This discussion has been locked.
You can no longer post new replies to this discussion. If you have a question you can start a new discussion

Web and Classic Web Regional Date Settings

Hello,

They had a way of forcing the Web and Classic Web to comply with the Regional Settings of the Date configured on the server?

They work seamlessly on the desktop application, but not in both Web clients.

Parents Reply
  • Hello, Joonas,

    Thanks for the answer, but I have already tried these settings and they have no effect after restarting the site, or after restarting the IIS service, even after restarting the entire server. It seems that the dotNet application is not respected by them. the result is that the date is always in the American format no matter what is here.

    Any other suggestions?

Children
  • Double-check that you have changed the regional settings for the system account on the server (and not only the admin user you are logged in as): How to manage date and number formats in M-Files. The desktop client uses the regional settings of the client computer, so the server settings might still be in the wrong locale.

  • Hello, Joonas,

    Of course, this has also already been done. By the way, this is one of the first things we do when installing a new server.

  • Ah, it seems that at least the new M-Files Web is following the language preference of the browser.

    Chrome running with English (United States) as the preference: dates MM/DD/YYYY

    Chrome running with Finnish as the preference: dates DD.MM.YYYY

  • The mystery has been solved.

    1. This applies to both Web clients, not only the new, but also the classic Web client

    2. Not only Chrome, but all modern browsers such as Firefox, Edge, Safari, etc.

    However, this is bad because I don't see a centralized way to enforce the expected settings and this will raise a lot of questions from end users.

  • I think it makes sense to follow the user preference since you could have users from different countries which each have their own date format conventions. And it's in line with how the desktop client follows the regional settings of the user's computer.

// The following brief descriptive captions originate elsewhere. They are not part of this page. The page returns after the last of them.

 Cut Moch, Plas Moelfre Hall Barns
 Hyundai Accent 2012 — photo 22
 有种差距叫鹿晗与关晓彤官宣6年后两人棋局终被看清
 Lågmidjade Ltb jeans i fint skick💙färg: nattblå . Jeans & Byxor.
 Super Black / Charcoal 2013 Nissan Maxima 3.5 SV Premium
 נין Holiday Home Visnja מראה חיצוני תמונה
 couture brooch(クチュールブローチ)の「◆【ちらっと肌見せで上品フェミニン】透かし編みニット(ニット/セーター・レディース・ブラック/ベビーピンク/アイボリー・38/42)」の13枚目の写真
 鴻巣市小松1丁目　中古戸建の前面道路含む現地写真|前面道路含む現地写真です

    I suppose there are ways to manage browser settings centrally at least in a company environment but that's not an area I'm familiar with.

  • This is true if the company uses a homogeneous environment, such as Microsoft technologies (Windows-based desktop systems and Active Directory), unfortunately lately we increasingly come across customers who use different operating systems.

    For example, Linux / Windows / MacOS and do not have a solution for centralized resource management, such as Active Directory.

    It may be a good idea to at least configure web clients on the server, whether to use browser settings (decentralization) or to comply with the server's regional settings.